I spent my day making potholders about the chickens and Minnie. Before today, most of the chicken potholders I made didn’t include the rooster Strut. Today, for some reason I found myself putting him in more of them. I think I was drawn to stitching his tail. All those poofy feathers. Such a beautiful rooster and I couldn’t help thinking he knew it. He stayed with his hens, bothering them as a rooster will, but watching over them too. Roosters always seem a little ridiculous to me, living up to their reputations.
And this afternoon, Strut was just being a rooster when he tried to attack me again and again, finally digging his claws into my leg. I don’t know why, over the past few weeks, he began to see me and Jon as something he needed to attack. But it was clear this behavior was just getting worse. A rooster that attacks people is a dangerous animal and I don’t want me or anyone else to have to be afraid of walking around my yard because they might be clawed by a rooster.

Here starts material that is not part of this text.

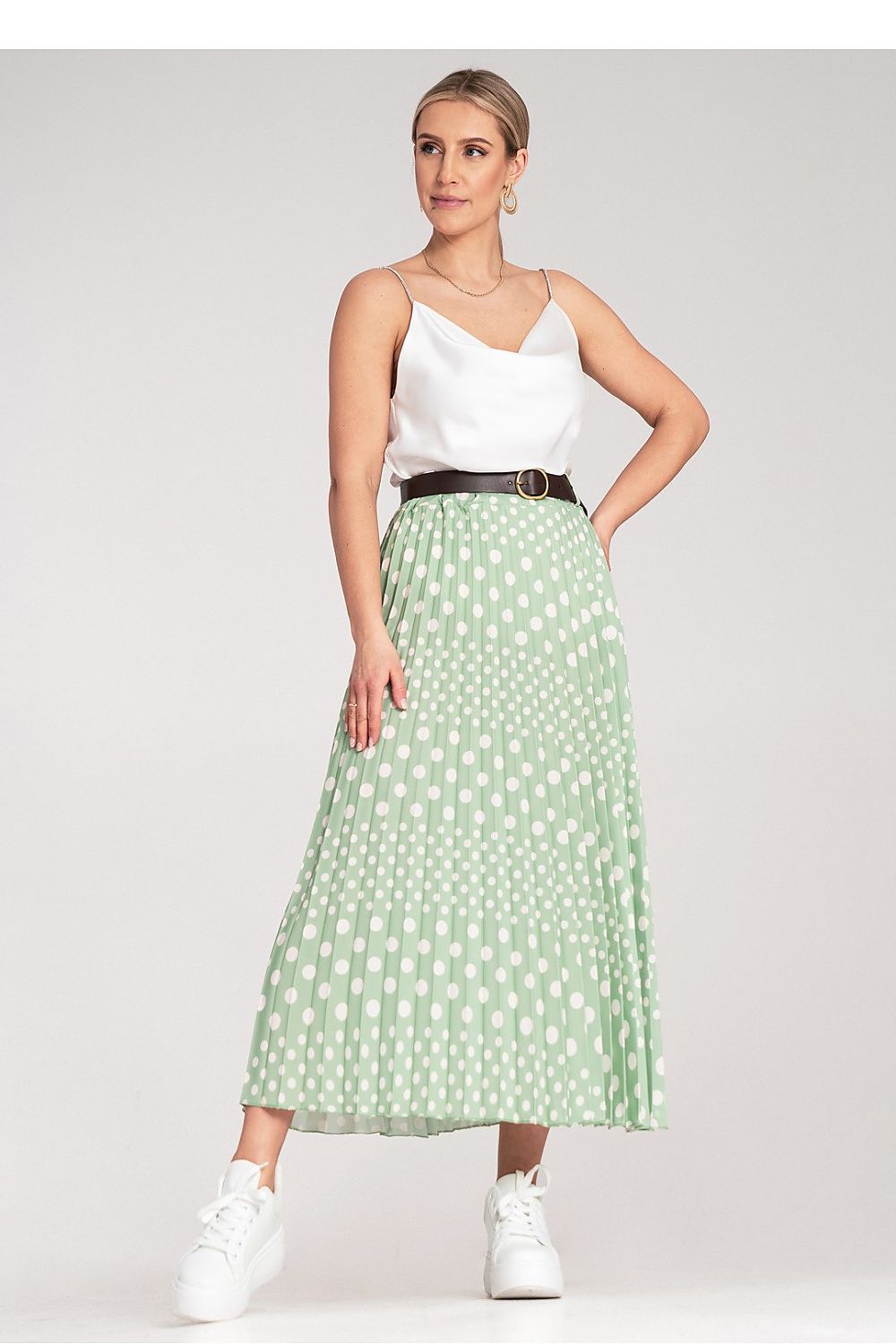  Spódnica Model M1155 Green - Figl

So Jon shot Strut this afternoon and I was sad and grateful. It had to be done and I was grateful I didn’t have to do it, although I would have done anything to protect myself when he was attacking me. I cried when I took Strut’s body to the hill behind the pasture, trying to find a place where it would easily be found by turkey vultures or coyotes. When I saw the deer leg lying on the ground, I knew it was the right spot. Someone would be coming back for it and find a dead rooster too. It was strangely comforting to place Strut’s body beside the deer leg, as if it was an affirmation of the rhythms of life and death.
Strut really was the essence of Rooster, he lived and died like one and I will miss him.